Frédéric Sanchez interpelle l’État et Bpifrance
Pour Frédéric Sanchez, le patron de Fives (ingénierie industrielle) et président de Medef International, les solutions à trouver par les PME et les grandes entreprises sont « de même nature », même s’il est vrai que « les petites montrent une faible structure de leur bilan ». Ce qui est plus important à ses yeux, c’est le relais « entre Paris et la province » et, de ce point de vue, il faisait remarquer qu’avec le transfert des garanties publiques Coface à Bpifrance, la banque publique « est partout du haut de bilan à la recherche et même le bas de bilan » et que donc, « localement, ce système devait permettre aux PME de découvrir tout le dispositif et d’être plus facilement accompagnées ». Et d’insister sur le fait que le système français « n’est pas moins bon que d’autres », mais qu’il « est plus lourd » et qu’un travail de « simplification » est indispensable.
Alors que Thomas Courbe, le directeur général adjoint du Trésor, était annoncé pour clôturer la Matinale, Frédéric Sanchez a invité l’État « à accélérer », prenant ainsi l’exemple de la réforme de la part française exigée dans les contrats internationaux bénéficiant d’une garantie publique. « Une belle réforme », a-t-il reconnu, puisque la part est tombée de 50 à 20 %, mais « depuis six à sept mois, nous attendons toujours le guide de Bercy », a aussi regretté le président du directoire de Fives.
« Il nous faut de la souplesse », a répété plusieurs fois Frédéric Sanchez.

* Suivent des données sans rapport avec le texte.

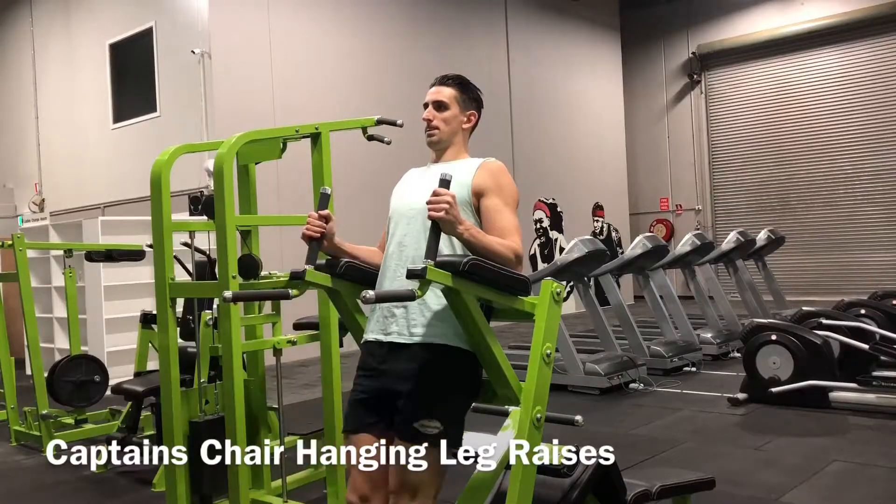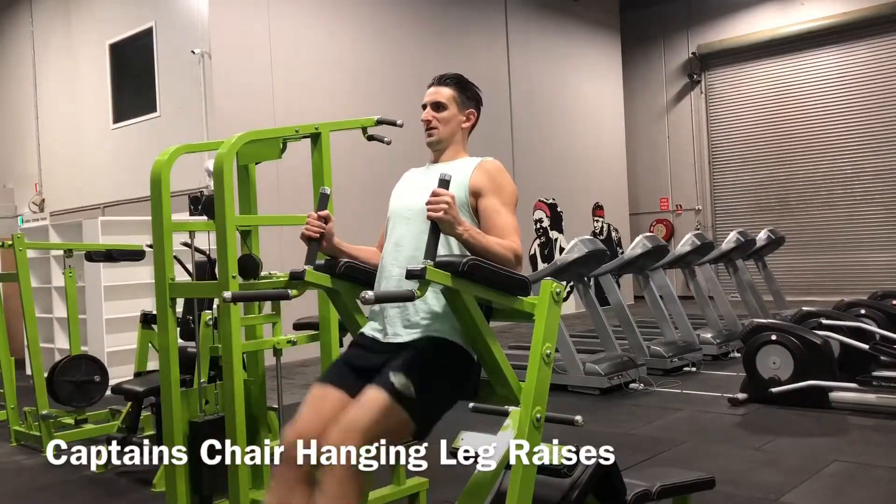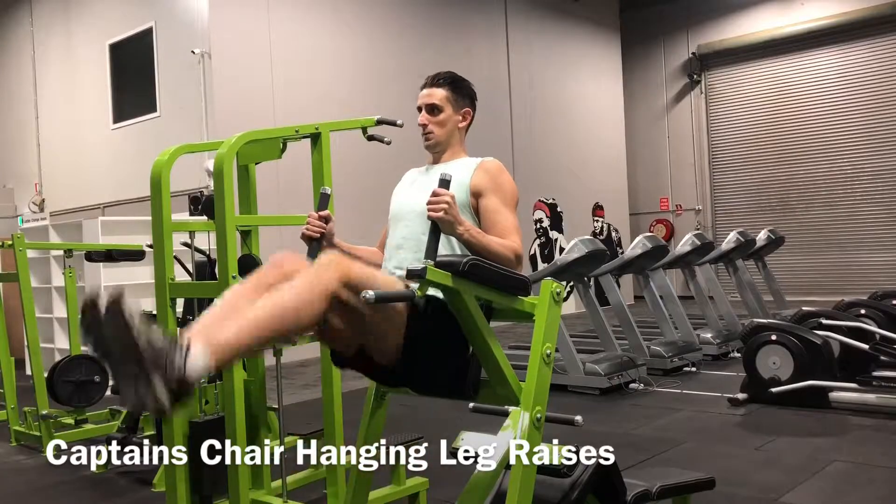In with your back pressed against the backrest, feet on the lower supports and forearms resting on the upper supports with your hands gripping the handles.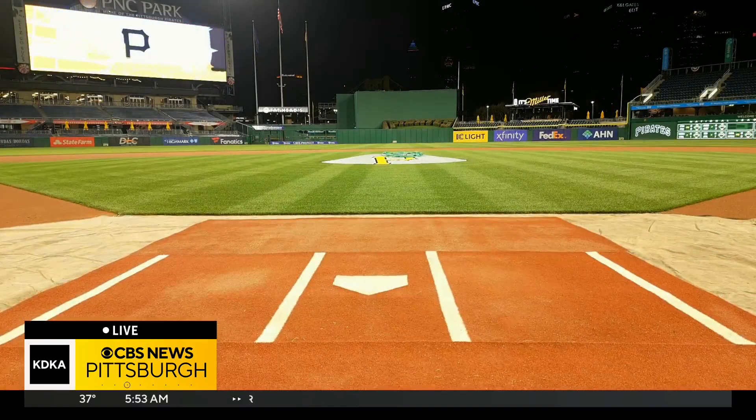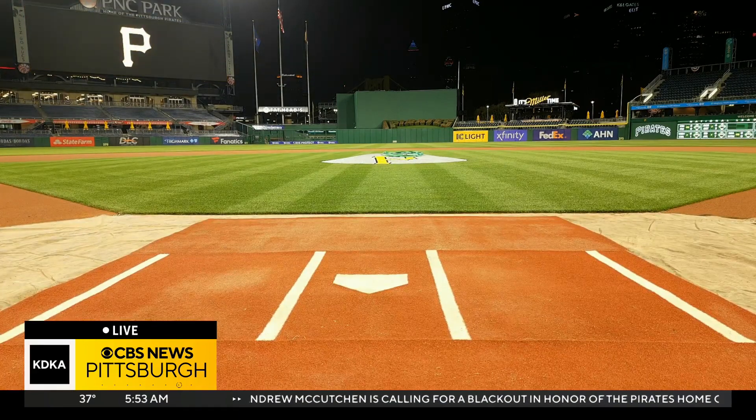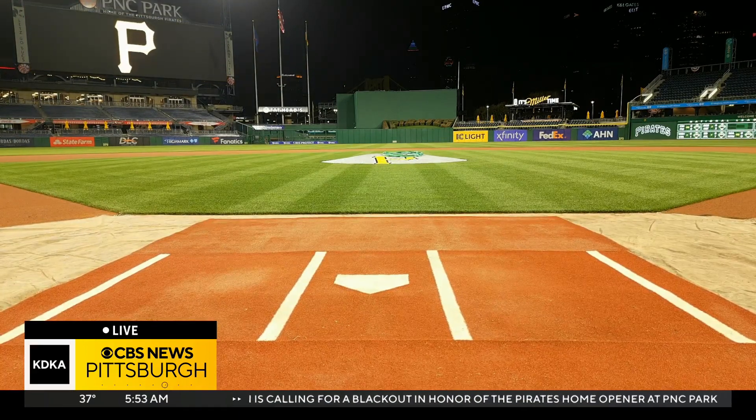We want to show you something that we're not sure how it's going to work out, but we're excited about it. Using Sky Eye 2, our drone, we are going to try to show you the viewpoint that you would see when a home run ball goes right out of the stadium. Rich is going to help with the play-by-play of this.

Et se tournant vers Alain Renck, directeur, chargé de mission d’Export chez Bpifrance, il lui a demandé de garantir « la même qualité de service que Coface ». Enfonçant le clou sur le thème de la simplification et de la souplesse, il s’est déclaré favorable à la fusion entre les CCI et Business France. Selon lui, « çà n’a pas de sens d’avoir deux réseaux et les entreprises ne savent pas où aller ».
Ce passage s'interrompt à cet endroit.